If I could get a Fisher to take it's place I would in a heartbeat.


----------



## maxwellp (Feb 16, 2013)

Tighten up the trip Springs? Is the mount to high? The bump stop should not be loose.


----------



## aloe (Nov 5, 2011)

DIXIEDOG;1890721 said:


> If I could get a Fisher to take it's place I would in a heartbeat.


I have a fisher homesteader for your vxt


----------



## absolutely (Dec 9, 2010)

You need to install shoes on boss plows when doing gravel. If you just try and bump the plow up an inch or so it takes it out of float and when you come to any uneven area it will dig in and trip. Love our boss plows, hate them on gravel.


----------



## DIXIEDOG (Nov 30, 2014)

aloe;1890808 said:


> I have a fisher homesteader for your vxt


Um no I'm good. Now if Fisher makes a full hydro V that fits my Gator 825i side by side I'll most likely be putting this Boss up for sale....I prefer Fisher but about any V beats a straight plow.


----------



## DIXIEDOG (Nov 30, 2014)

maxwellp;1890796 said:


> Tighten up the trip Springs? Is the mount to high? The bump stop should not be loose.


Measures 17" which is to the book. The trip springs are already tight to slip a card through.


----------



## sublime68charge (Dec 28, 2007)

pics of what your talking about?

also what is the plow attack angle can you get it to sit\angle back some more?

also is your gravel frozen down yet or is it soft and the plow is digging into soft ground causing the trip?

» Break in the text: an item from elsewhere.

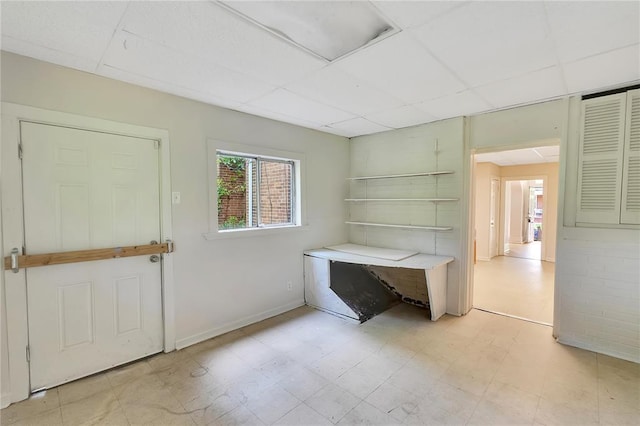 entrance foyer with a paneled ceiling, light flooring, and baseboards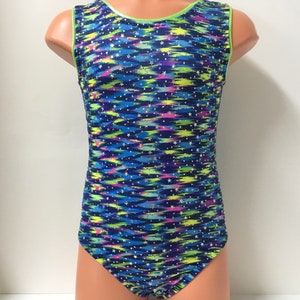 May include: A sleeveless leotard with a blue, green, and pink abstract print with white stars. The leotard has a lime green trim around the neckline and armholes.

just some idea's off the hip for youl


----------



## Doughboy12 (Oct 15, 2014)

DIXIEDOG;1890835 said:


> Measures 17" which is to the book. The trip springs are already tight to slip a card through.


Book? does the book know your situation, or is the book a reference to "start" from?

Common sense would help here...

TIGHTEN the trip spring!!!:yow!:

PUT SHOES on for GRAVEL....:yow!:


----------



## DIXIEDOG (Nov 30, 2014)

sublime68charge;1890877 said:


> pics of what your talking about?
> 
> also what is the plow attack angle can you get it to sit\angle back some more?
> 
> ...


I may be able to get it to sit back further, not sure how to adjust the tilt of the blade.

The gravel right now is frozen...it's done it on frozen ground as well as the soft stuff.

I'll try to get some pics this weekend...it's dark when I leave for work and dark when I get home....gotta love the short days.



Doughboy12;1890881 said:


> Book? does the book know your situation, or is the book a reference to "start" from?
> 
> Common sense would help here...
> 
> ...


Sure common sense would help....I asked a question about whether or not anyone else with the Boss UTV plow had a problem with the blade folding over all the time....not sure why that is so crazy.

I may have to put shoes on but if I do it would be the first plow I've ever had to use shoes on and I've had a good deal of them including plows for my old RTV and the Gator as well as a host of them on various truck. I'm not sure I fully understand how the Boss should be adjusted for tilt, I thought it might be an adjustment I needed to tweak to get better performance from this plow. I've seen quite a few Boss plows on Gators and RTVs so I'm assuming they work well for some folks.


----------



## DIXIEDOG (Nov 30, 2014)

I got a few pics of the blow where it sits today







The red arrow is pointing to the small rubber block that goes under the bump stop....I'm assuming I need to replace the rubber block and tighten the bolts up?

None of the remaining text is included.